9:09 AM Mon, May 05, 2008 | | Comments (0)
Posted by: Jennifer Bowles

Riverside may be blue, but it's not what you're thinking. The city just launched its new BlueRiverside.com Web site in conjunction with water awareness week this week.

It's full of rebate information and tips on how you can save what's often referred to as liquid gold.


Story continues below




AP Photo/Rich Pedroncelli

Television cameras record Frank Gehrk, chief of snow surveys for the California Department of Water Resources, right, as he sinks a snow depth measuring pole into a small patch of snow during the survey near Echo Summit, Calif., on May 1. Figures at Echo Summit measured 3.3 inches of snow, with a water content of only 1.7 inches, just 11 percent of normal at this location for this time of the year.





It's important to think about now that the state's snowpack is two-thirds of normal.

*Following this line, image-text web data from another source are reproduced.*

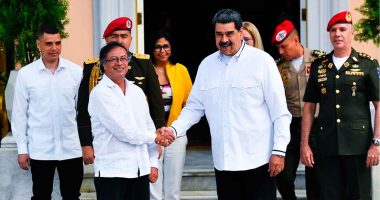 Gustavo Petro genera controversia al insinuar la democratización de la instalación de la fibra óptica en Colombia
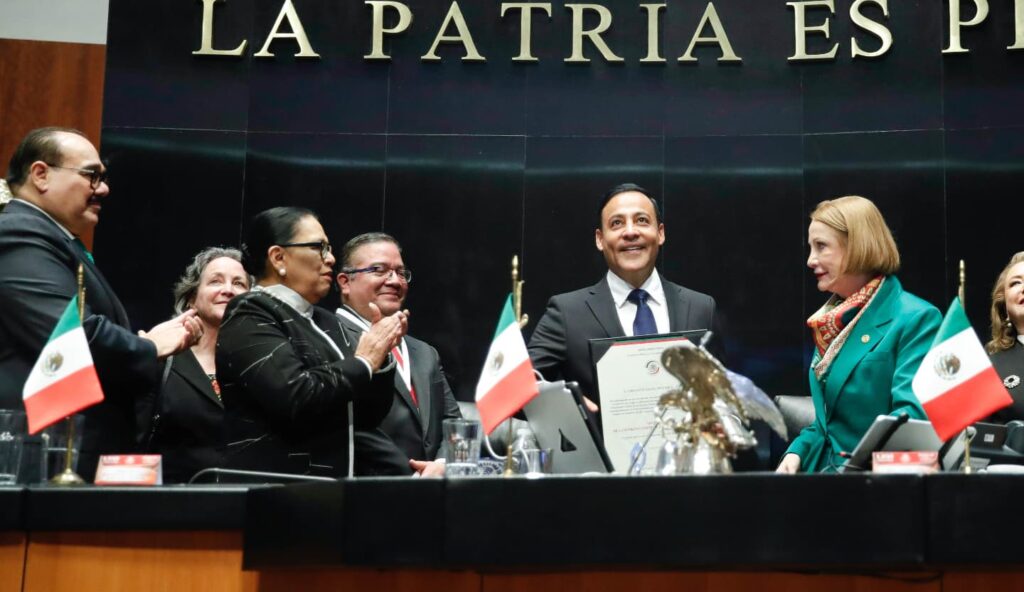 Sesión solemne en el Senado de la República. 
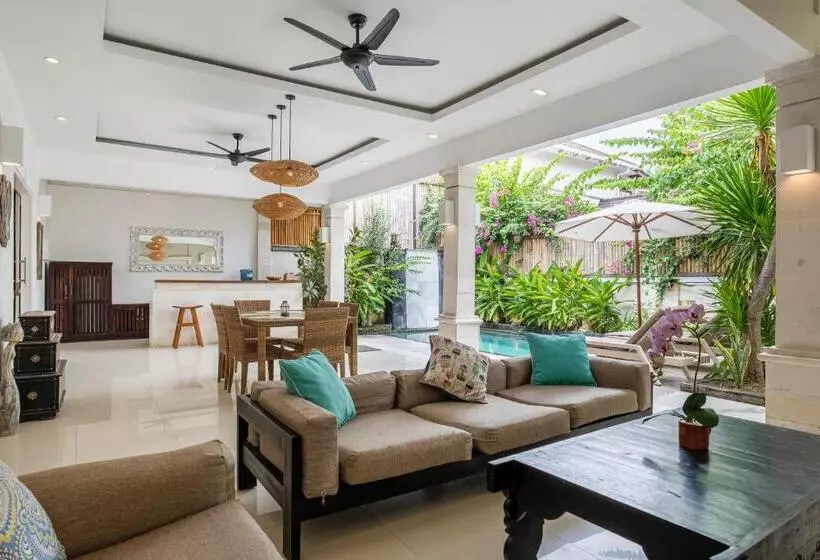 בית מלון כפרי The Beach House Resort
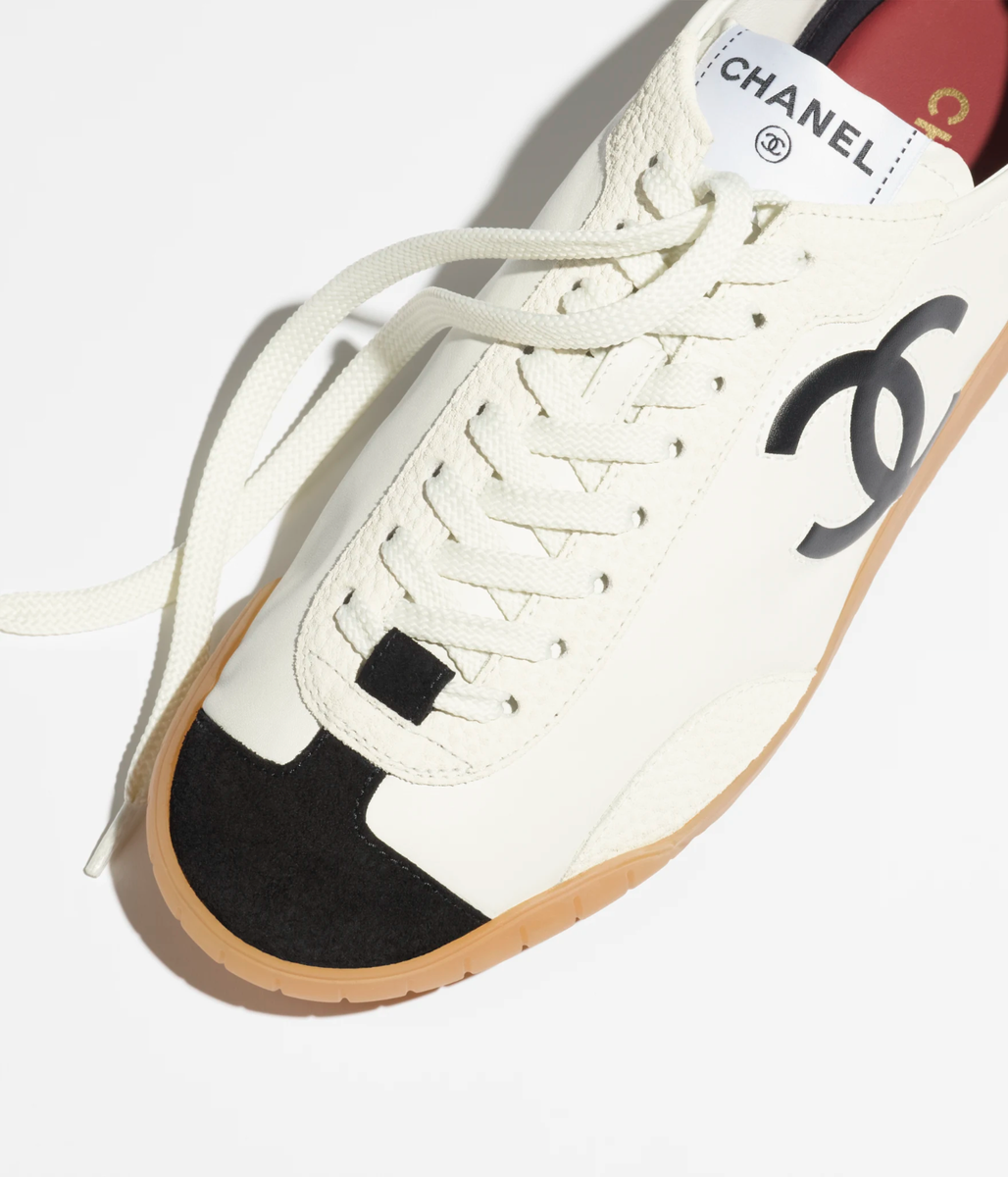 NEW 26P Jennie Chanel Classic Black White CC Sneakers Tennis Shoes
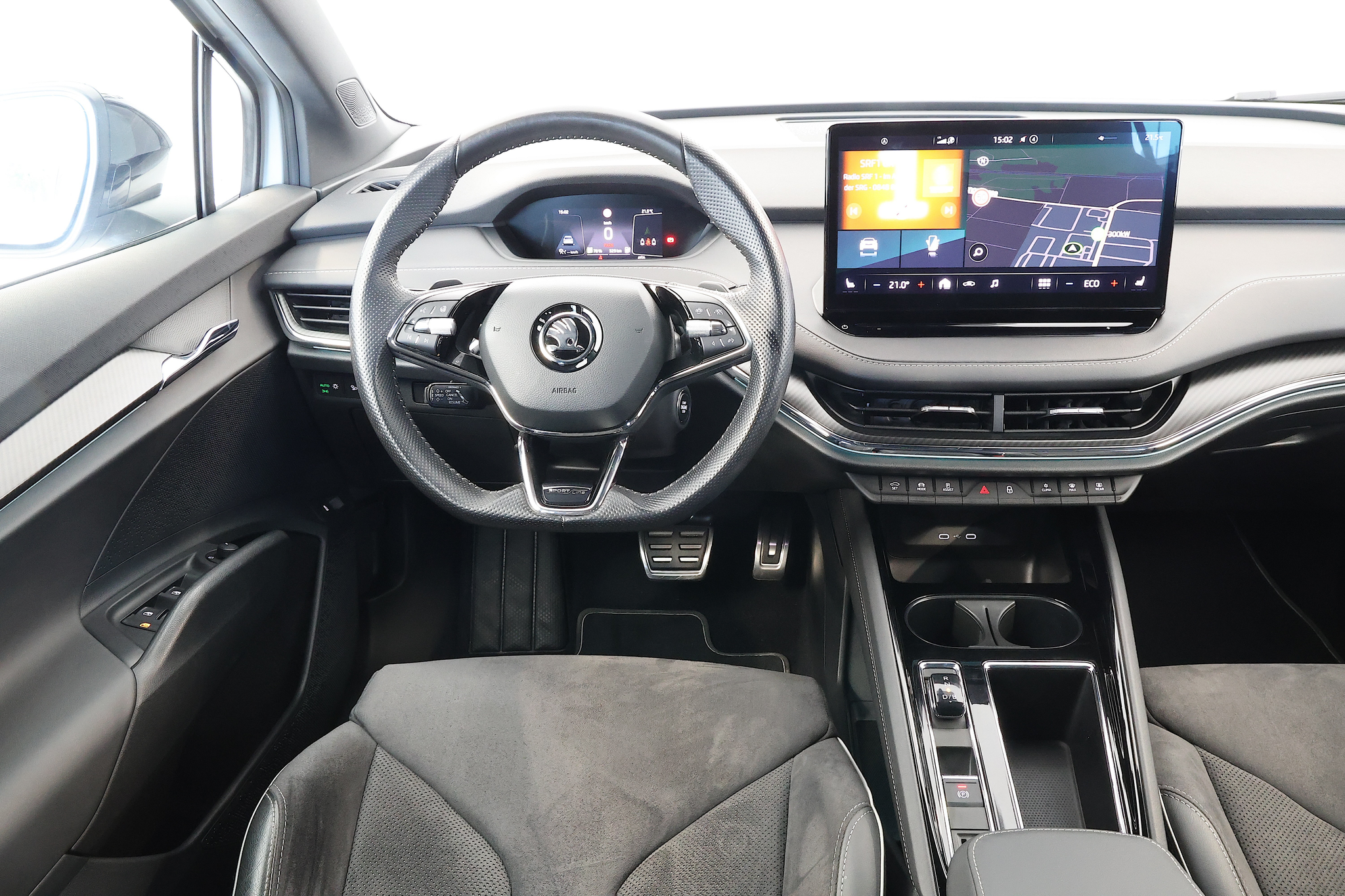 listing desktop thumbnail image 9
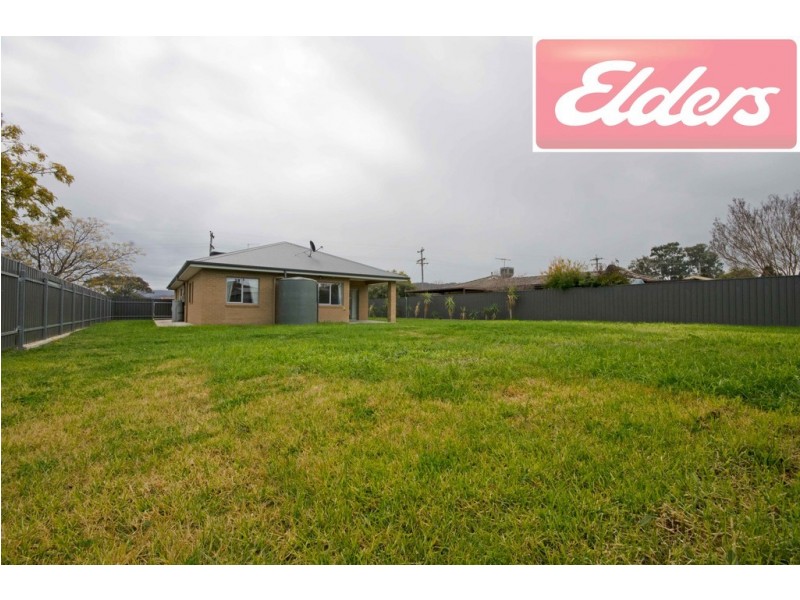 584 Hague Street, Lavington NSW 2641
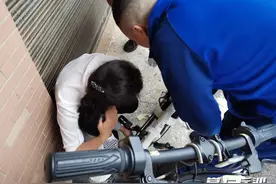 心疼！4岁男童手卡电动车链条，有娃的家长请注意……图片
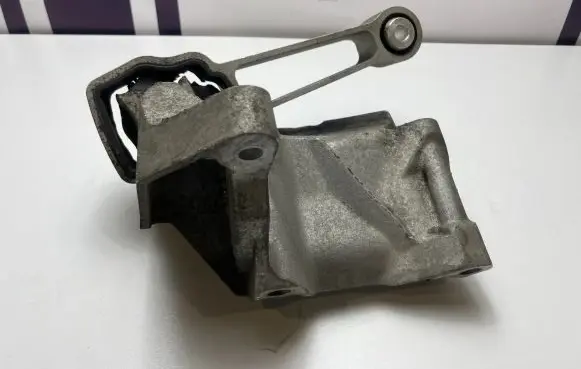Volvo XC60 Engine mount bracket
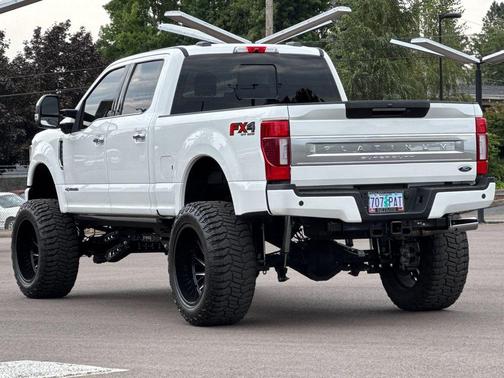 2022 Ford F-350 Platinum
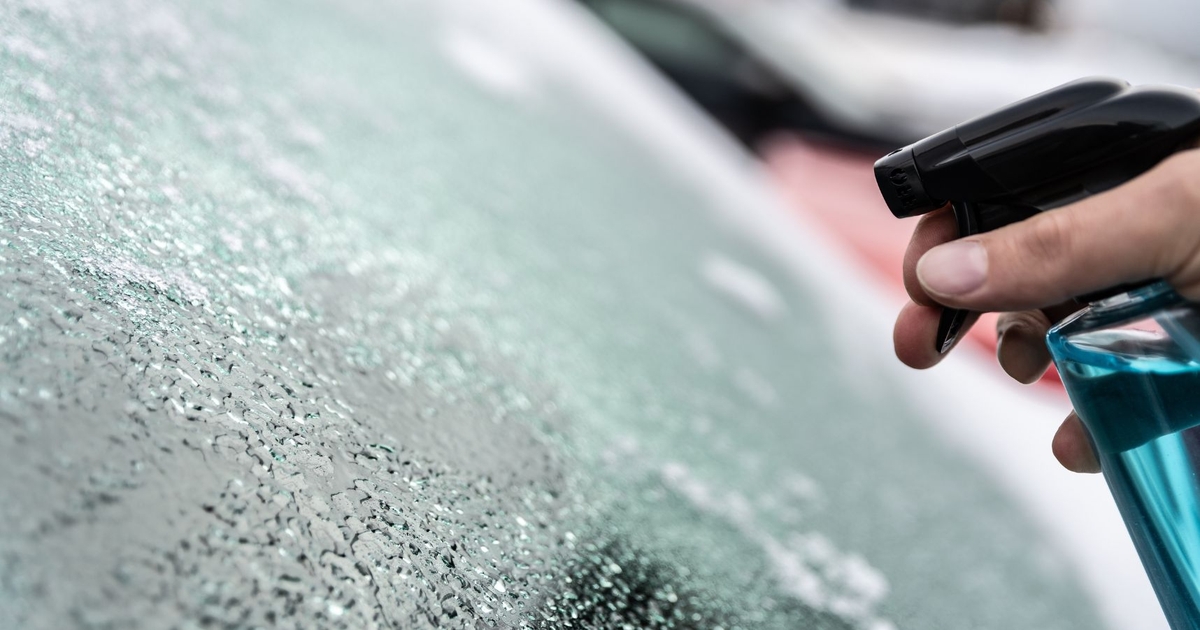 Machine Learning Identifies Effective Green Chemicals for De-Icers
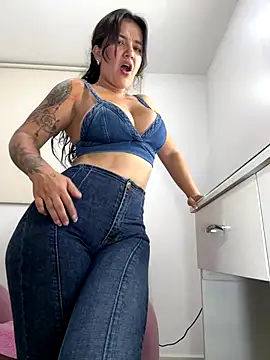 Lau_goddess_ass live sex cam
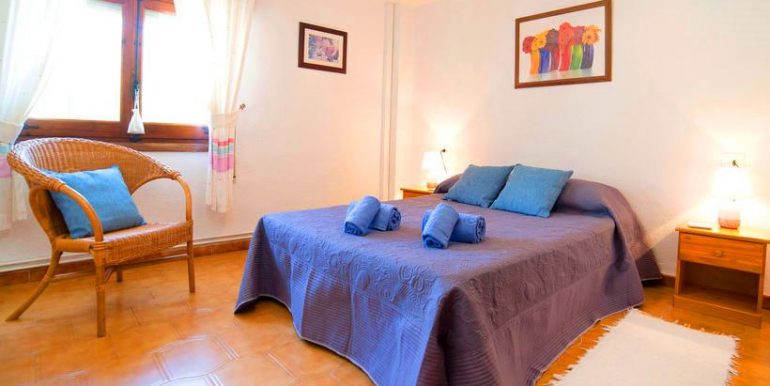 COMFORTABLE HOUSE IN CALPE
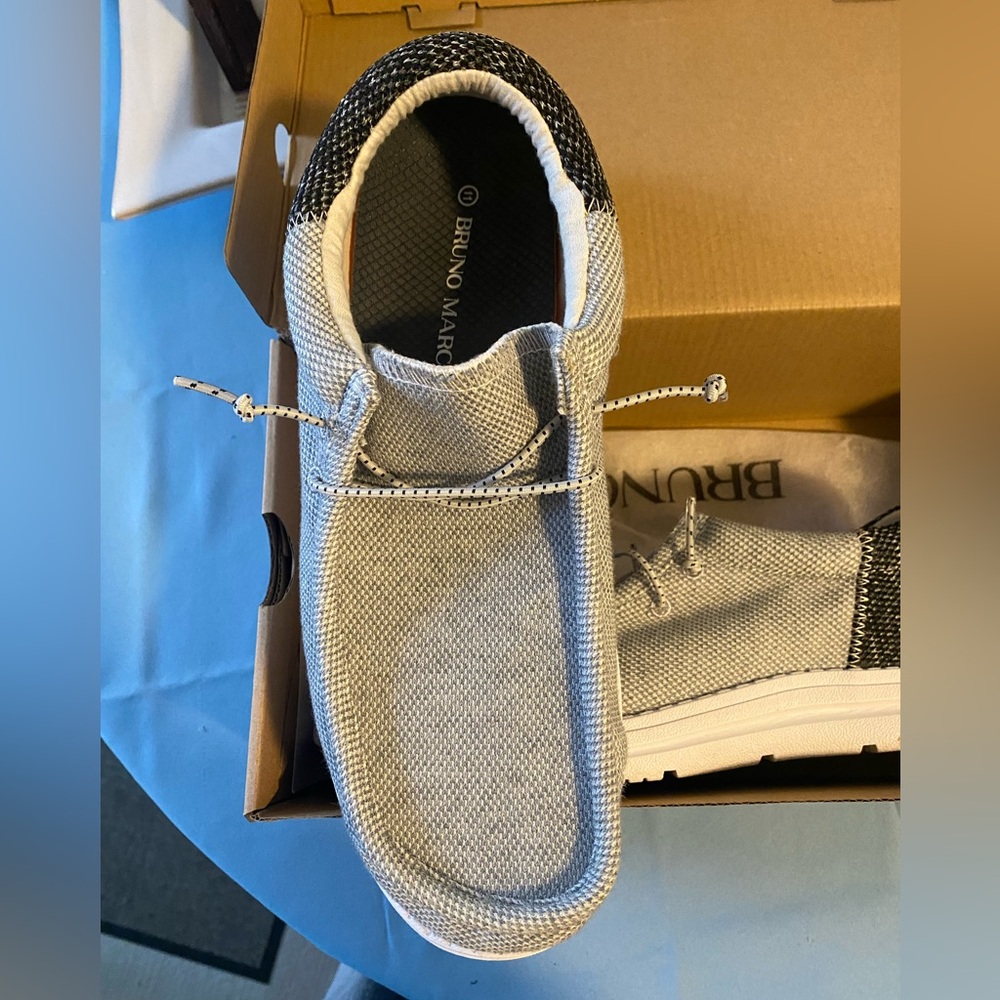 MENS SHOES- Bruno Marc Men's Arch Support Slip-on Shoes. gray and black. Size 11 - Picture 3 of 6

One-third of the Inland region's water comes from the Northern California streams, which are fed by melting snow. Our local water agencies are asking folks to water only after dusk this summer and to have a water-free day once a week with the lawn. Is that enough?


When I was at Riverside County's Fifth Annual Water Symposium last week, one Inland water official from the mountains said he knows residents who take a bucket into the shower with them and use that to water their plants.

Are there other creative ways out there to save water? And if we are indeed in a water crisis, as everyone says, should there be mandatory conservation?

The most aggressive city in Southern California so far has been Long Beach. That city bans its residents from watering their lawns to the point that it creates runoff or hosing down sidewalks or driveways. They also only allow residents to water their lawns three days during the week and it has to be outside the hours of 9 a.m. and 4 p.m.

And if they don't follow the rules, their neighbors may snitch on them. Some 3,500 residents have complained by e-mail, phone or a form on a Web site since August, said Ryan Alsop, a spokesman for the Long Beach Water Department.

The city doesn't issue fines, but rather it sends a letter to the person accused explaining the water crisis and the measures the city has taken to deal with it, Alsop told me last week.

"A handful of people are rubbed the wrong way -- 'It's so 1984, Nazi Germany' -- and my explanation is it's no different than if you saw someone dumping oil down the storm drain," he said. "We're running out of water, and it's a very serious situation."

Since October, Long Beach's water use has dropped 7 percent below the 10-year average, he said.

Some Inland water officials say they are considering such a program. Should it be sooner rather than later?